What are your reading goals for 2023?
If 2023 were a real year I’d lived to see, and not some square on a holographic handyman’s cyber-calendar in a sci-fi dimestore-pulp from the 60’s, I’d say that my main goal reading-wise would be to get back into books; I’ll always be a damn fool for comics and they’ll always be a huge part of my reading and writing rotation, but I’d gone a little overboard with them before my newly-acquired Bachelor’s degree told me to stop or rot in debtor’s prison, and I’d like to take the opportunity to get more significantly into my TBR stack (looking at you, The Poppy War Trilogy, Earthsea, and The Rabbi Small Mysteries, to name a few), and dip more frequently into the current discourse (The Rhythm Of War has been out for like a friggin’ year, The World We Make just came out, and you know ya boi gots to do a reread of My Heart Is A Chainsaw before Don’t Fear The Reaper drops).
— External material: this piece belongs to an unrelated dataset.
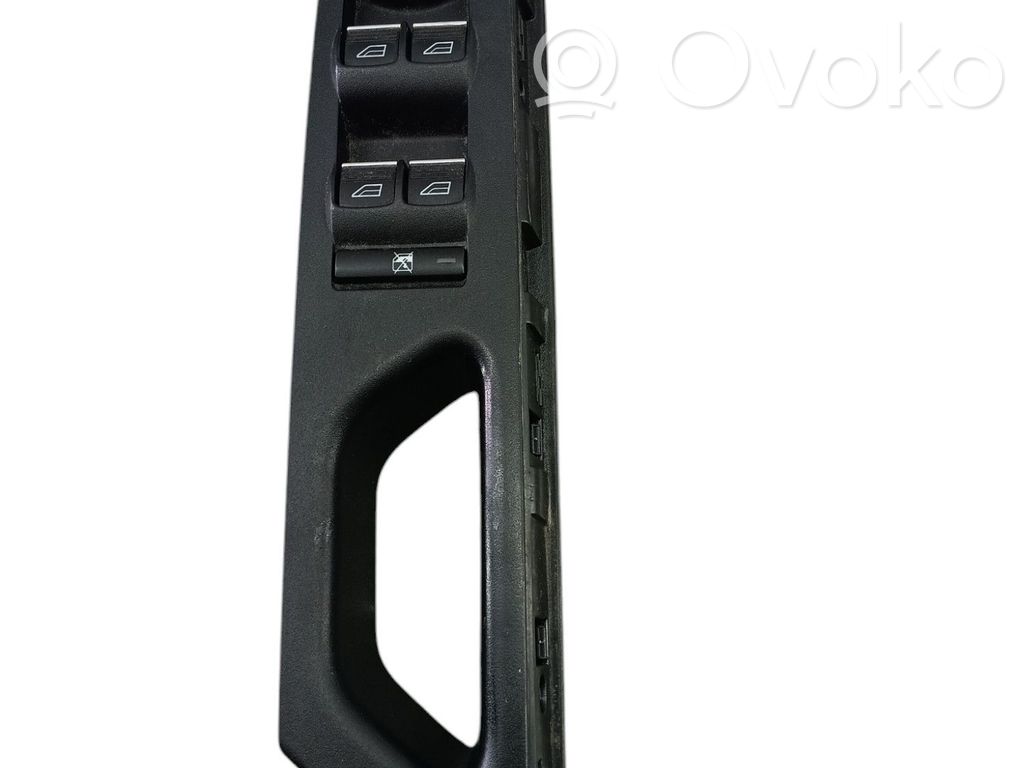 Electric window control switch   2032975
As with every year, I’d like to read more in the way of international, oppressed, and marginalized authors, and fortunately that’s going to be easy, or easier; time was, it didn’t matter how much you’d like to read P. Djèlí Clark or Rebecca Roanhorse or Cixin Liu unless you knew exactly how to find them, because they were buried under cozy murder mysteries and Tom Clancy and supernatural bounty-hunter romance and generic Western-European fantasy, none of which are inherently bad and all of which deserve to be read, but not to the detriment of voices that have gone unheard for far too long. Fortunately that’s changed, to a degree; it’s not like racism, misogyny and homophobia just vanished from publishing overnight (they have not), but there are large and loud forces doing everything they can to get those authors into the spotlight now, and it’s never been easier to find a staggeringly diverse array of authors with very little effort, for which I am grateful.
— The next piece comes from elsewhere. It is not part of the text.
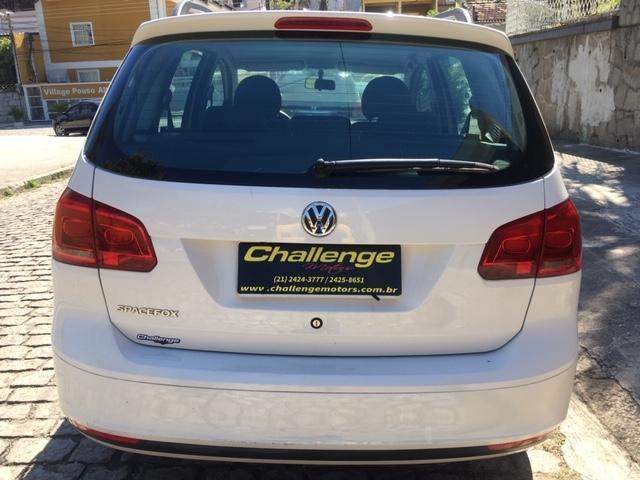 Volkswagen Spacefox 1.6 mi trend 8v flex 4p manual - Foto 5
Also, more and more international and minority-created comics are finally getting attention, which you’d think would follow roughly the same trajectory as with prose authors, and you would be wrong. The Big Three (Image, Marvel, DC) have a vested financial interest in playing to the most lucrative audience (white men), and the publishers that are more able and interested in supporting marginalized voices in more than a token way (Boom!, Oni, Dark Horse, Aftershock) often have less room on the larger stage, but they’re still out there doing the good work with the space they’ve got.
I’ve also made the pretty embarrassing discovery in the past year or so that nonfiction can be…good? Like have you ever heard about people who didn’t like reading before they realized there were books about plants that ate dirty socks or wizards or sports or mice with swords or Wally McDoogle? It’s been like that for me with nonfiction; turns out there are plenty of hilarious, fascinating, intelligent authors out there writing intensely readable stuff, like Jon Mooallem, Jenny Lawson (although admittedly I’ve been a fan of hers for a long time and also definitely did not, how you say, steal her entire style), and Ryan North, and I have to imagine it’s one of those things where once you finally discover that there’s a book about dragons, uh-oh, turns out there are many books about dragons (some of which involve SMOOCHING) and that is a good problem to have.
What are your blogging goals for 2023; how do you want to blog differently than you did last year?
Well, just by way of example, as I type it is presently December 9th, and we’re re-watching Mare Of Easttown, which has no bearing on the date but is worth mentioning because man what a program. From this, you may correctly conclude that building a larger post-runway is one of my New Year’s Blogsolutions, and the community-activities above will be a huge help in that because I won’t sit bolt-upright on Thursday night and realize to my terror that I don’t have anything to write about that week.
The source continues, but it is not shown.